The AI also learns from the current designer’s selection behaviour, and uses this behaviour to refine its suggestions. As part of their study the researchers asked a group of 16 designers to create mood boards with, and without the AI helping them. All designers use mood boards as inspiration tools in their work, from design fields including architecture, fashion, and graphic design. In the example on the right, the designer used the AI in the top image while working on a brief for a Health Store, while in the second worked without the AI on a banking firm's youth program. 

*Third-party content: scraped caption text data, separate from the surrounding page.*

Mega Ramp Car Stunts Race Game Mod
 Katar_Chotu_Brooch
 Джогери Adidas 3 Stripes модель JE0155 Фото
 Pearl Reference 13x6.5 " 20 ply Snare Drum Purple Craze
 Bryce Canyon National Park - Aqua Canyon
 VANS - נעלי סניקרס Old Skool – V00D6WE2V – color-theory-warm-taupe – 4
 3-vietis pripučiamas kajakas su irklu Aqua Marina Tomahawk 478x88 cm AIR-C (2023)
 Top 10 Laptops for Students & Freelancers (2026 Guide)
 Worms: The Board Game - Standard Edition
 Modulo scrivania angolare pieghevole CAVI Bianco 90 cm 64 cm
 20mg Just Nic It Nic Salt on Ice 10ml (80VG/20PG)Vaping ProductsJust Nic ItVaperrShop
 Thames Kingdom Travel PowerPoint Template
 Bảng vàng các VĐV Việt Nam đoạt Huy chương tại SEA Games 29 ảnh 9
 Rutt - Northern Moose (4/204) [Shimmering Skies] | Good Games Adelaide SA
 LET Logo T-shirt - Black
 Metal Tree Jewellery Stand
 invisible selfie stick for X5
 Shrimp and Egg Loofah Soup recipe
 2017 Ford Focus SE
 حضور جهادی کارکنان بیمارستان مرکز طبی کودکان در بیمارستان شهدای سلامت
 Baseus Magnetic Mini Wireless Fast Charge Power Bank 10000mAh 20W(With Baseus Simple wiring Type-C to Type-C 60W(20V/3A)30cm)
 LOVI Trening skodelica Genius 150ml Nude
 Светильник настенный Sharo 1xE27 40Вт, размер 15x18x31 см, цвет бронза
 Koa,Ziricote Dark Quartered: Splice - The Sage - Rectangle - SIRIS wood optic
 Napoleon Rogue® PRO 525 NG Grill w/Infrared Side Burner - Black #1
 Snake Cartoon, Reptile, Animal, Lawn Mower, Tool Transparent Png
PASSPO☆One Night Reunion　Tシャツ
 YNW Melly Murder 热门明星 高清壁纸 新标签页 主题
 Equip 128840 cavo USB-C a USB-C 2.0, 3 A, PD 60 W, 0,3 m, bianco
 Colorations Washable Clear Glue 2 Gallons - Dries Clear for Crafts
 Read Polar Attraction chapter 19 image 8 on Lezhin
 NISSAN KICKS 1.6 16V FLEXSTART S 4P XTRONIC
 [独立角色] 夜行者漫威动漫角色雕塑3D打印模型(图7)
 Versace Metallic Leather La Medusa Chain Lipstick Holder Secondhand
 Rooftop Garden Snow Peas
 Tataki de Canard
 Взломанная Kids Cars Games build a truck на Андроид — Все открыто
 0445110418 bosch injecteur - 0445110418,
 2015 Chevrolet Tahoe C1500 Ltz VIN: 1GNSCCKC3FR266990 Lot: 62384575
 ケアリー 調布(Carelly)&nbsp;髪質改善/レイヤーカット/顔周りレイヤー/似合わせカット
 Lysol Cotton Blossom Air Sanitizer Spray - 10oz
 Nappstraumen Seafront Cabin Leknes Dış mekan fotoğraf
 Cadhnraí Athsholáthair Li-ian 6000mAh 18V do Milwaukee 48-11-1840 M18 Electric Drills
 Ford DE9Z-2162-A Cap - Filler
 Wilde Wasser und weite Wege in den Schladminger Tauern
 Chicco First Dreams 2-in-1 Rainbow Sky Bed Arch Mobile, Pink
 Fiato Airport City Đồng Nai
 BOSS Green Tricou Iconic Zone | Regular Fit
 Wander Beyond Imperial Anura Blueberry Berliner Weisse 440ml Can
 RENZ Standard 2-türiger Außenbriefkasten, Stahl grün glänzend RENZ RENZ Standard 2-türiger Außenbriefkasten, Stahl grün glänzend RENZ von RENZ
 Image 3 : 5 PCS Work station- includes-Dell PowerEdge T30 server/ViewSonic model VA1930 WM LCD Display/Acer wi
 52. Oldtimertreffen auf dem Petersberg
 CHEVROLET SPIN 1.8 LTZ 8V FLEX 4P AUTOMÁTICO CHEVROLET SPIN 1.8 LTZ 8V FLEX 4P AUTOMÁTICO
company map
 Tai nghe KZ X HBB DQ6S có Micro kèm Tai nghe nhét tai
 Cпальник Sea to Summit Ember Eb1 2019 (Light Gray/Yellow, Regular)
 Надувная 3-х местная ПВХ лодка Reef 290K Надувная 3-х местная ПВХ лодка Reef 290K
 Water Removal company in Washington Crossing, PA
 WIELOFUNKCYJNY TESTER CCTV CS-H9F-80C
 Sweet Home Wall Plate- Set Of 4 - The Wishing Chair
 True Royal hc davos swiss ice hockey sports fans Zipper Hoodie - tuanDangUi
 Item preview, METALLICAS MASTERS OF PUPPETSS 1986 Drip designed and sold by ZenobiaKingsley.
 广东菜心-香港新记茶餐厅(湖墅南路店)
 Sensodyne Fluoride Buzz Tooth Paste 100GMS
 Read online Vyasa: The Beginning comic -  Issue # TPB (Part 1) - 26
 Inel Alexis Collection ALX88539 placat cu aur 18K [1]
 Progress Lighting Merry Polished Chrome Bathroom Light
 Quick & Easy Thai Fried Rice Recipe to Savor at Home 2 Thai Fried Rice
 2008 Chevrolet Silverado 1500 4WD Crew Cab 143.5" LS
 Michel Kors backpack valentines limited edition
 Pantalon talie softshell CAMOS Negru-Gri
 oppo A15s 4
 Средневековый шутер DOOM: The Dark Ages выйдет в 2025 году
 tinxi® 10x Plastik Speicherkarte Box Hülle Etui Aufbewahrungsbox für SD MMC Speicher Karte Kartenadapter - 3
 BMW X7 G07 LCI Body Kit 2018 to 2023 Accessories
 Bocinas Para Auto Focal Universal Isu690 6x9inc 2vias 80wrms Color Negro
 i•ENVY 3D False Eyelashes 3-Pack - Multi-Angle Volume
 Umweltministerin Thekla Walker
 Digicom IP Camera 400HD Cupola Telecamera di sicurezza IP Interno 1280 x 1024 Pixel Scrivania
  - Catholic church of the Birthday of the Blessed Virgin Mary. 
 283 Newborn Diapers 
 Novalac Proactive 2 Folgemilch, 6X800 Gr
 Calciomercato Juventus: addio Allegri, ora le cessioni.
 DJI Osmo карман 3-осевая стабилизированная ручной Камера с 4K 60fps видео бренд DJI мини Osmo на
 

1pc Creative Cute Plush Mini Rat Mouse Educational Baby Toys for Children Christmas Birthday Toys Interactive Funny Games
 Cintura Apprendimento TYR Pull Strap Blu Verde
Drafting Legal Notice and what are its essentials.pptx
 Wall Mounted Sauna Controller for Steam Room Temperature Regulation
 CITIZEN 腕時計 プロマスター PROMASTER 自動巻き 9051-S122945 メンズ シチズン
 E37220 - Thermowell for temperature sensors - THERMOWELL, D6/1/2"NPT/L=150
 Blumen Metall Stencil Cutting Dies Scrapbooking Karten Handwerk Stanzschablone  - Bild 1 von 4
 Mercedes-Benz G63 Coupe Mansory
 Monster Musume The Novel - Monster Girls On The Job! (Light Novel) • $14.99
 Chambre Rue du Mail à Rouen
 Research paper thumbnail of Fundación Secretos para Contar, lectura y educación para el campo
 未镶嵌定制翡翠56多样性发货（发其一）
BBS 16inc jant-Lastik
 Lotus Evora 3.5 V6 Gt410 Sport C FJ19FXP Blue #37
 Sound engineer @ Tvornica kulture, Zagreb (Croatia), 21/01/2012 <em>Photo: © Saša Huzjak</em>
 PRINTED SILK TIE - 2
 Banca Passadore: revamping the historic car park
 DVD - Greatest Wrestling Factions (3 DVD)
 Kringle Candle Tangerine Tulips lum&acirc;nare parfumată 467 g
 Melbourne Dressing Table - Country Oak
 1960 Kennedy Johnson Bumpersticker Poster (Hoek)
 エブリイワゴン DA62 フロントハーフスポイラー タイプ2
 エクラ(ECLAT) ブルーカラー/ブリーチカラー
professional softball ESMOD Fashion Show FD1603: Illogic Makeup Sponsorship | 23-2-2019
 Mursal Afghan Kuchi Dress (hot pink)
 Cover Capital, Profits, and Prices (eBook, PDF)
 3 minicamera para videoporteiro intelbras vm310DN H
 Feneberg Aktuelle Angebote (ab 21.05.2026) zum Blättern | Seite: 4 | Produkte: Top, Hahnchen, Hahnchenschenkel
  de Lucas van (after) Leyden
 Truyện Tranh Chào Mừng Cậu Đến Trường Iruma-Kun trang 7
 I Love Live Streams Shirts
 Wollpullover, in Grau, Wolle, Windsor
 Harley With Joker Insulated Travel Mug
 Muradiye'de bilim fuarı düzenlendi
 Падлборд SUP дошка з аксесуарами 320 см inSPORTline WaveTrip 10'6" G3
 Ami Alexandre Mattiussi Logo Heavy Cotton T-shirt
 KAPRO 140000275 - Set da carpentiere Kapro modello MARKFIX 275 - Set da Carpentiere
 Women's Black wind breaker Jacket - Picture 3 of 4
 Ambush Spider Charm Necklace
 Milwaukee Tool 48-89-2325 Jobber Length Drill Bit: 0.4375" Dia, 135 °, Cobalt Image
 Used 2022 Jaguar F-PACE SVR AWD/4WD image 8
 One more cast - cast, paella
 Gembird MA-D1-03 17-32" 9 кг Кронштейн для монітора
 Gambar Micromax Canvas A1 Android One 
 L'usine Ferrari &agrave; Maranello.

The key finding was that the adaptability of the AI allowed it to help designers both when they were “on a roll” and when they were “stuck”. The AI can decide when to offer more explorative suggestions, and when to stick more closely to what’s already chosen. The designers therefore perceived the suggestions as novel without being too eccentric or useless. Even if the AI surprised the designer with unusual suggestions, as these were not completely outlandish, they were more inclined to find them original and useful. The majority of the designers therefore used the AI’s suggestions in their mood boards, and the AI-suggested images made up over a quarter of their final boards.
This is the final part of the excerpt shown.